Dio era l’autista, che con questo suo atto ha permesso all’uomo di compiere la sua missione, rimanere un simbolo, un monito, un ricordo capace di evocare amore nella famiglia e nella gente. L’autista che ha permesso all’uomo di lasciare questo mondo dove aveva esaurito il suo compito per andare a compierne uno ancora più immenso, con l’Amore, per l’Amore, nell’Amore.

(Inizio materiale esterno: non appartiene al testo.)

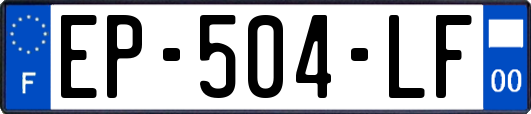 EP-504-LF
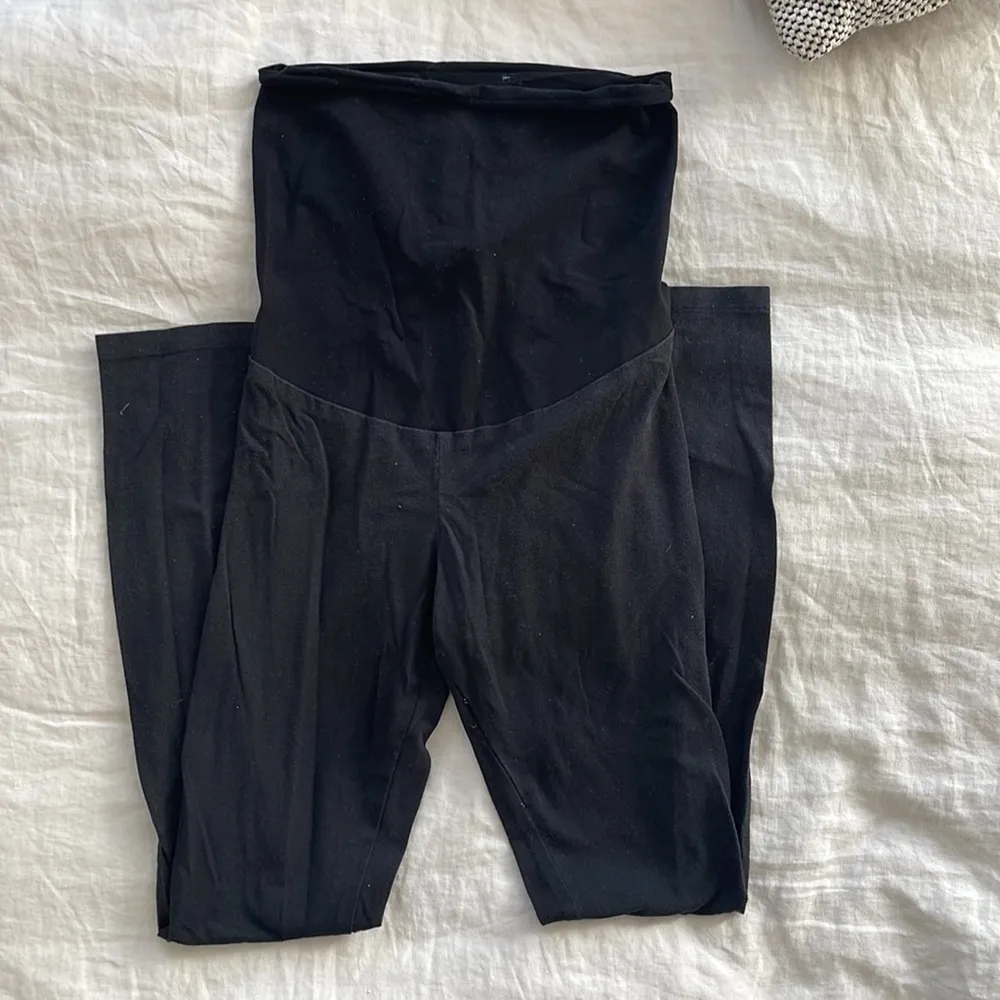 A Pea in the Pod‎ legging - Image 3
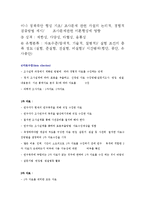 [사회복지조사론] 과학적조사의 일반적 절차에 대하여 기술하기-4
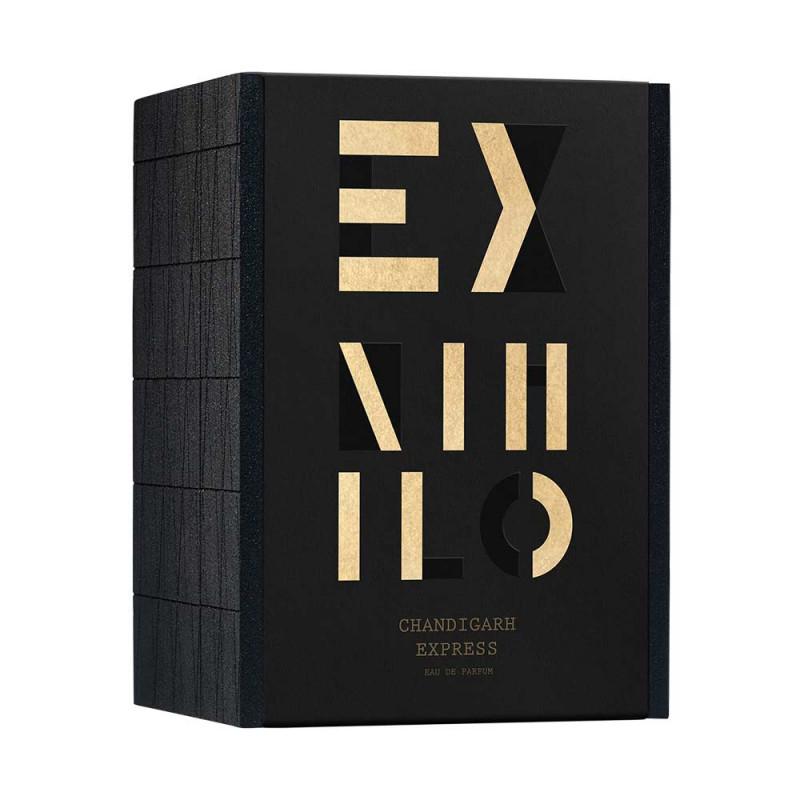 Eau de Parfum Chandigarh Express Eau De Parfum 100 ml Ex Nihilo 2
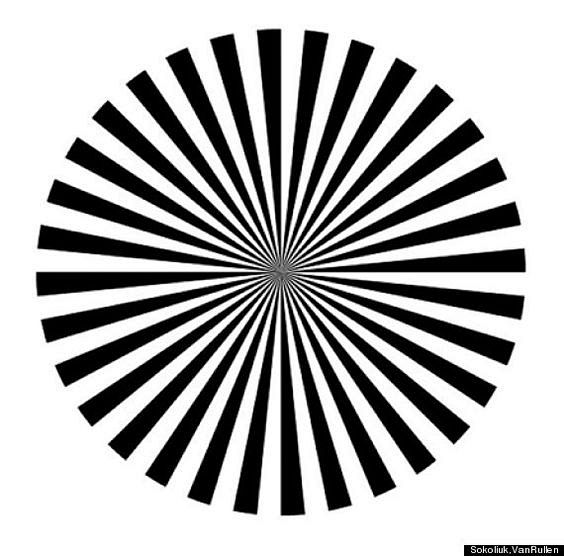 opticalillusionletsyouseeyourbrainwaves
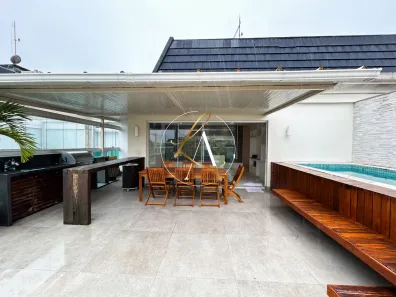 Cobertura com 4 Quartos à venda, 204m² no Barra da Tijuca, Rio de Janeiro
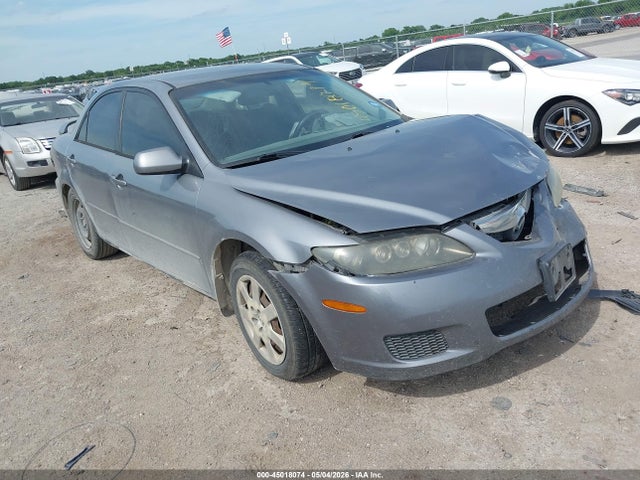 Продаж на аукціоні авто 2006 Mazda Mazda6 I, vin: 1YVFP80C965M70872, номер лоту: 45018074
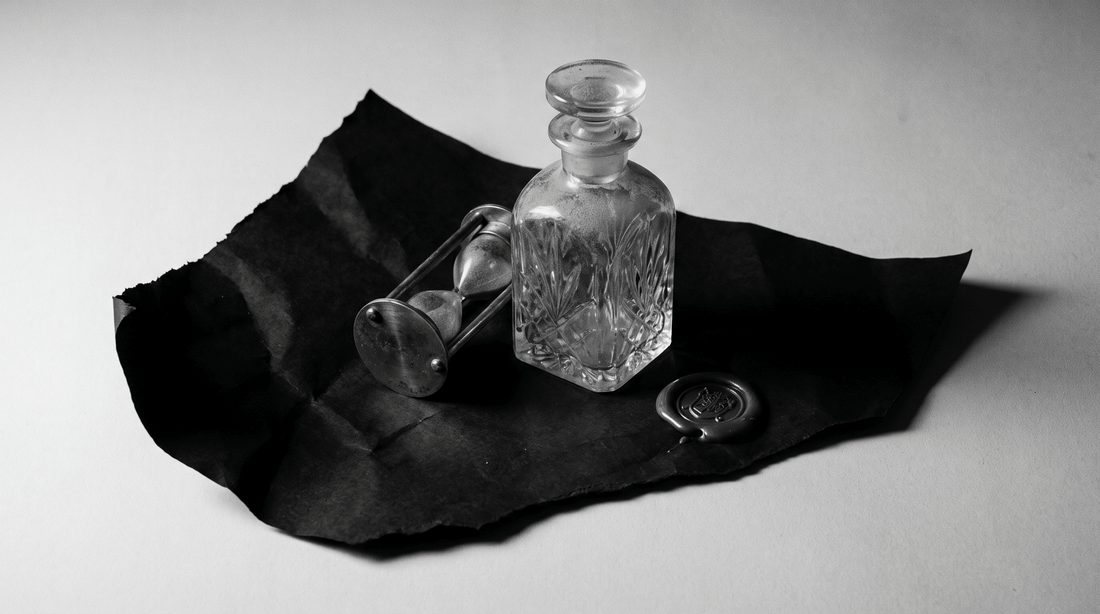 Does Perfume Expire? Real Shelf Life by Fragrance Family - Decant Sample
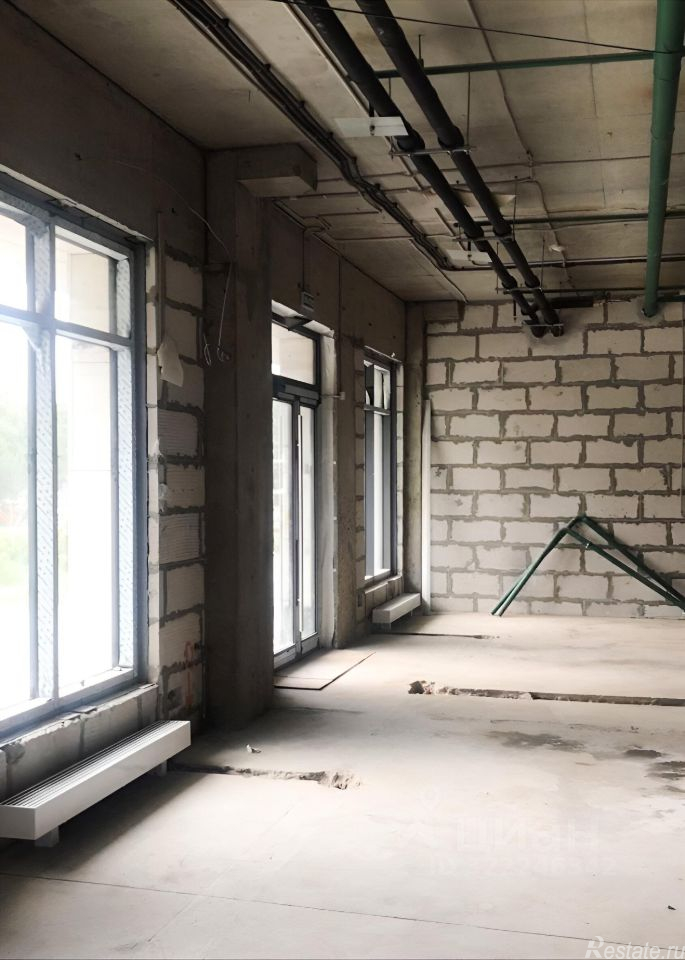 Продажа офиса Троицкий 1-й пер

Dio era il pedone ucciso dall’auto, che ha raccolto il richiamo ad è entrato nell’Amore. Ha sacrificato la sua vita terrena per lanciare il messaggio d’amore alla sua famiglia, alla gente all’autista che anche volendo non potrà mai dimenticare questo momento, il momento in cui gli è stata data la possibilità di redimersi, di perdonare e di essere perdonato, di essere salvato. Starà al resto della sua vita permettergli o meno di mettere a frutto questa occasione.

La gente si chiede dov’è Dio in momenti come questo perché non è capace di vedere, perché non vuole vedere o perché non sa vedere ma Dio c’è comunque e sta guardando noi. Dio c’è comunque e ci sta aiutando a redimerci e tornare da Lui. Tornare per Lui, con Lui e in Lui.